In the meantime he wants to branch out to different types of drinks and continue exploring the Palette to Plate concept. “Not everyone likes Bloody Mary’s, so I ask myself what else can I do as an artist that will be something people want to do.” For example, Hulin plans a wine night with several flights of wine and 3-D charcuterie board on top of it.

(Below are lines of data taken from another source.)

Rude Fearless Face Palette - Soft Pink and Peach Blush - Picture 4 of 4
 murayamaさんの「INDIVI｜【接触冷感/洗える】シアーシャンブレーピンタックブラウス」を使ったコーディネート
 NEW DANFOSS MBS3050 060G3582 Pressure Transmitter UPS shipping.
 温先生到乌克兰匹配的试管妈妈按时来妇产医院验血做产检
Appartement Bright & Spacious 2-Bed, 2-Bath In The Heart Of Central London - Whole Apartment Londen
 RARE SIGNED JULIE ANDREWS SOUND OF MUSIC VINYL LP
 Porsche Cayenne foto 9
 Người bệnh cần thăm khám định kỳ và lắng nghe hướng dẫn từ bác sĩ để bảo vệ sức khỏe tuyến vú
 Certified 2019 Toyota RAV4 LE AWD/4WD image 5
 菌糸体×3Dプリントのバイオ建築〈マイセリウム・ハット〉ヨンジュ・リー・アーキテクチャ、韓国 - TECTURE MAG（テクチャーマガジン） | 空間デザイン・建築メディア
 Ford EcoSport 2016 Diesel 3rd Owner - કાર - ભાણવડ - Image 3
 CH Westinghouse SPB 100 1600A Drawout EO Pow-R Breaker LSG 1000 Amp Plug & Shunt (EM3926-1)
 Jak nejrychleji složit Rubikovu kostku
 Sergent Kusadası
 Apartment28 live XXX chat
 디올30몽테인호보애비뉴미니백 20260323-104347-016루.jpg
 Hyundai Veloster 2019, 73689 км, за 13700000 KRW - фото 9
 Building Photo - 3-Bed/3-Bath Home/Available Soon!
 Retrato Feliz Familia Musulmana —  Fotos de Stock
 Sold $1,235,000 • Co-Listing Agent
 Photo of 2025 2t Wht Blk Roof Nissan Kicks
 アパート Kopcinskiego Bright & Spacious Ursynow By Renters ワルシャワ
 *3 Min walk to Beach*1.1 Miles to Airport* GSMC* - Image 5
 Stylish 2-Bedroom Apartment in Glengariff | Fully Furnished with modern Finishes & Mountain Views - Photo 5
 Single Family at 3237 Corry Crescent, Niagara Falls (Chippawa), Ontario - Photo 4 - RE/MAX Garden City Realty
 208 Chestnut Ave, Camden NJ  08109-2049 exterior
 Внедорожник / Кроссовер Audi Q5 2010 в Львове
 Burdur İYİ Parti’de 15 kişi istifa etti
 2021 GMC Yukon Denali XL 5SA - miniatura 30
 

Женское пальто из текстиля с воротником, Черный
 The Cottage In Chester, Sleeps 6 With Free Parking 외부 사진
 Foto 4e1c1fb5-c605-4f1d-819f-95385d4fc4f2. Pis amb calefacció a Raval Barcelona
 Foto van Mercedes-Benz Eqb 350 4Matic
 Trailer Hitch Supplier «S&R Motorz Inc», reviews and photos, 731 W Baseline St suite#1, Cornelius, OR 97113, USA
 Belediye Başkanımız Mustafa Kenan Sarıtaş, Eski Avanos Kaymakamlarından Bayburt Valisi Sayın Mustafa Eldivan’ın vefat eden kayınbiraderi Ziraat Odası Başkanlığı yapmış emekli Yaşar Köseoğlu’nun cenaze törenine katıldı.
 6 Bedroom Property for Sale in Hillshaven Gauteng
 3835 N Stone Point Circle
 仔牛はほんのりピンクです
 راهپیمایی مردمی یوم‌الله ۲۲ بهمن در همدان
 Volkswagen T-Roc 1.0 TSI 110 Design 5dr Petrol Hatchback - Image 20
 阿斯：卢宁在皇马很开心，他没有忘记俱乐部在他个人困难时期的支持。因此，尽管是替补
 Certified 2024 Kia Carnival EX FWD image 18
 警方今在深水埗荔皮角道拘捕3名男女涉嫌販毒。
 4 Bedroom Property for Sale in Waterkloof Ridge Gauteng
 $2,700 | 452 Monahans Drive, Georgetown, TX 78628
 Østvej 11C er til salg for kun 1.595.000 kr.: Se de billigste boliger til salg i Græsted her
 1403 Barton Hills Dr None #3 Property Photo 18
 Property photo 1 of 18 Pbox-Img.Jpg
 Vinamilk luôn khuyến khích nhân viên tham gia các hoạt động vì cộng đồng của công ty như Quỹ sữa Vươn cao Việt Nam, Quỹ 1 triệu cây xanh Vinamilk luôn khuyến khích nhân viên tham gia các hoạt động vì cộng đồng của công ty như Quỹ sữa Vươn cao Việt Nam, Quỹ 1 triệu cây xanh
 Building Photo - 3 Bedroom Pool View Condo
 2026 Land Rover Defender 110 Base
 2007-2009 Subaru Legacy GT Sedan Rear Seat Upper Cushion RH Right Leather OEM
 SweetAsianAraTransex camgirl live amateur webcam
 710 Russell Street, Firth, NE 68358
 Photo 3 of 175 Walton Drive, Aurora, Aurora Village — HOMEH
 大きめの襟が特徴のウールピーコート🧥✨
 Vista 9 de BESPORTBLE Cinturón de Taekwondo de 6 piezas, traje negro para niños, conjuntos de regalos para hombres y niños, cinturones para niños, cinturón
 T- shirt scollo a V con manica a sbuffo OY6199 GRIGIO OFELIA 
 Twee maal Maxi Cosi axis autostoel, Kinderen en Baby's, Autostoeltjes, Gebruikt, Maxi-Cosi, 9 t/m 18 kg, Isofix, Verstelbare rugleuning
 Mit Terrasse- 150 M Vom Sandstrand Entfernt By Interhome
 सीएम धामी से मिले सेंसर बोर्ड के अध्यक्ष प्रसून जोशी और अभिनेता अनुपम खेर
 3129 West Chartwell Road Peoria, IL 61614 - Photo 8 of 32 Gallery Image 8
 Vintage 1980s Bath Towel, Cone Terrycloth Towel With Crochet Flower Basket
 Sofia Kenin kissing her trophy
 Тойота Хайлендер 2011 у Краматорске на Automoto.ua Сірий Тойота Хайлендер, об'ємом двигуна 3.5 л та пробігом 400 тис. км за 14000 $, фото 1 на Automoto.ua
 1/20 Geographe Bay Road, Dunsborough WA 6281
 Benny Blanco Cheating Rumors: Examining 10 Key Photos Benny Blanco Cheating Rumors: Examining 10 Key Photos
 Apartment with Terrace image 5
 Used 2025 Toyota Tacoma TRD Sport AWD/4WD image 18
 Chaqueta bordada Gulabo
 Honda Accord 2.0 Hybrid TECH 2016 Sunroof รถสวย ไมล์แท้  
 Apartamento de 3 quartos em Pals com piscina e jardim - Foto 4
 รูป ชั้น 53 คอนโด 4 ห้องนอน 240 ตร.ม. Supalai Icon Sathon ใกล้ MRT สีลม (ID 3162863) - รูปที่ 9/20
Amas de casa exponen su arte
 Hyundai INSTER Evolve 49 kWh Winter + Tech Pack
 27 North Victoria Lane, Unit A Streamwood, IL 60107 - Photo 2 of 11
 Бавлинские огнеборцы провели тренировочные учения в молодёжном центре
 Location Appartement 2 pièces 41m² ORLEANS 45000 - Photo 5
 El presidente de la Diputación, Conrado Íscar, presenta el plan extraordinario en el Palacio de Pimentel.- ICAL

When it comes time to deconstruct the sculpture, he’ll get the winery to talk about each bottle, and maybe Jay Florsheim of Peace, Love & Smoke to talk about the cheeses, and a smoked meats partner to discuss that process.

The food and drink are only a part of the experience Hulin plans out ahead of time. He also arranges all the partnerships, the educational aspects of the event, the peripheral entertainment, and the theme. “It takes me months to fully form an idea and come up with the collaborations. And then I let it marinate,” he says. In fleshing out his events, he sketches each of his ideas, down to the order of the food, the colors, the flavor combinations and the deconstruction. “Normally when I create an event cocktail, I

draw it,” he explains. “How does it look? What are the colors? And what is the physics behind it? Can what I’m putting on it actually stand up in the glass without tipping it over? How do I counterbalance the weight and then build it up to make it a piece of art and not just food.”

Hulin doesn’t necessarily need Beyond the Glass or a live cooking show to promote his successful line of products; his motivation seems to be deeper than that. “There’s a reason I don’t own a restaurant after all,” he explains. “I love cooking, but the idea of cooking something then sending it out of the kitchen is not appealing. I want to cook it and I want to see you have that epiphany moment. I want to see that experience, and I want to have that experience with you.”

Ultimately Hulin hopes his participants will take away an experience of a lifetime: to be able to make something with their own hands with a trained chef and to experience flavors they never have before. “I hope to cause a spark in them, and that they go home and think maybe they can do something different, too,” he says.